Description

NSE announces inclusion of securities under ST-ASM framework with enhanced margin requirements of 50% or existing margin (whichever is higher) effective December 12, 2025.

Summary

The National Stock Exchange has issued a surveillance circular placing specific securities under the Short-Term Additional Surveillance Measure (ST-ASM) framework effective December 12, 2025. Three securities are being added to ST-ASM Stage I, one security is being moved from Stage II to Stage I, and three securities are being excluded from the ASM framework. The measure imposes a minimum margin requirement of 50% or existing margin (whichever is higher), capped at 100%, on all open positions and new positions created from December 12, 2025.

Key Points

  • Three securities added to ST-ASM Stage I: Auri Grow India Limited (AURIGROW), Neelam Linens and Garments (India) Limited (NEELAM), and Pranik Logistics Limited (PRANIK)
  • Mangalam Drugs And Organics Limited (MANGALAM) moved from ST-ASM Stage II to Stage I
  • No securities added to or moved to ST-ASM Stage II
  • Margin requirement: 50% or existing margin, whichever is higher, capped at 100%
  • Three securities excluded from ASM framework: Kesoram Industries Limited (moved to ESM framework), Raghav Productivity Enhancers Limited, and Savy Infra and Logistics Limited
  • ASM framework operates in conjunction with all other prevailing surveillance measures
  • Shortlisting is purely for market surveillance and not an adverse action against the company

Regulatory Changes

This circular implements the Short-Term Additional Surveillance Measure (ST-ASM) framework as per previous Exchange Circulars NSE/SURV/39265 (October 27, 2018), NSE/SURV/46557 (December 04, 2020), NSE/SURV/52144 (April 28, 2022), NSE/SURV/58558 (September 25, 2023), and NSE/SURV/64066 (September 20, 2024). The measure enhances surveillance on securities exhibiting abnormal price movements or trading patterns.

Compliance Requirements

  • All NSE members must apply enhanced margin requirements of 50% or existing margin (whichever is higher) on affected securities
  • Margins apply to all open positions as on December 11, 2025 and new positions created from December 12, 2025
  • Maximum margin is capped at 100%
  • Members must ensure compliance with ST-ASM provisions alongside all other existing surveillance measures
  • Members should refer to NSE FAQs on Additional Surveillance Measure at https://www.nseindia.com/regulations/additional-surveillance-measure

Important Dates

  • December 10, 2025: Circular issued
  • December 11, 2025: Securities officially shortlisted under ST-ASM framework; existing open positions subject to enhanced margins
  • December 12, 2025: Enhanced margin requirements become applicable on all open positions and new positions

Impact Assessment

Trading Impact: The 50% minimum margin requirement will significantly reduce leverage available to traders in these securities, potentially decreasing trading volumes and liquidity. Market participants holding positions in AURIGROW, NEELAM, PRANIK, and MANGALAM will face immediate capital requirements.
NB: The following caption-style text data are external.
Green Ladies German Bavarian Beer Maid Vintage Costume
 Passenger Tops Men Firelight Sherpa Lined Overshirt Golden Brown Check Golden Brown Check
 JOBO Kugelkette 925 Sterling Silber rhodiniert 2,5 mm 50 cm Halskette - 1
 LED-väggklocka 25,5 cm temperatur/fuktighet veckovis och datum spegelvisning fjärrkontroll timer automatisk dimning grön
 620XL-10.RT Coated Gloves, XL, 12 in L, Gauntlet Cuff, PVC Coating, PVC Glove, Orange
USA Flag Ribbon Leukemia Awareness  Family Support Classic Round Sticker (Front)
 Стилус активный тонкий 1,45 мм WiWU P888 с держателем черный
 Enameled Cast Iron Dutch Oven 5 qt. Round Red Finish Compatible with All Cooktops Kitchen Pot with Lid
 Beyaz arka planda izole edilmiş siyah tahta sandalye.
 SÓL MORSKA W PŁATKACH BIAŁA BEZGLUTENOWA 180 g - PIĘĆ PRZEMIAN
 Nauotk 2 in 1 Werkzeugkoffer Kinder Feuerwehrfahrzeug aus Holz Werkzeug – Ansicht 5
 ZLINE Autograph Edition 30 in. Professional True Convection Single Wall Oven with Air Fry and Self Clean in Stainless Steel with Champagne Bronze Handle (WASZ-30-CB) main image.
Investor Impact: Retail and institutional investors will need to ensure adequate margin coverage to maintain existing positions or risk forced liquidation. The measure may deter speculative trading in these securities.

Market Sentiment: Inclusion under ST-ASM may negatively impact investor confidence in the short term, though NSE clarifies this is a surveillance measure and not adverse action against the companies.

Capital Requirements: Brokers and traders must arrange additional capital to meet enhanced margin obligations, affecting overall portfolio management and position sizing strategies.

Impact Justification

High margin requirements (50% minimum) significantly impact trading liquidity and capital requirements for affected securities. Immediate compliance required for all open and new positions.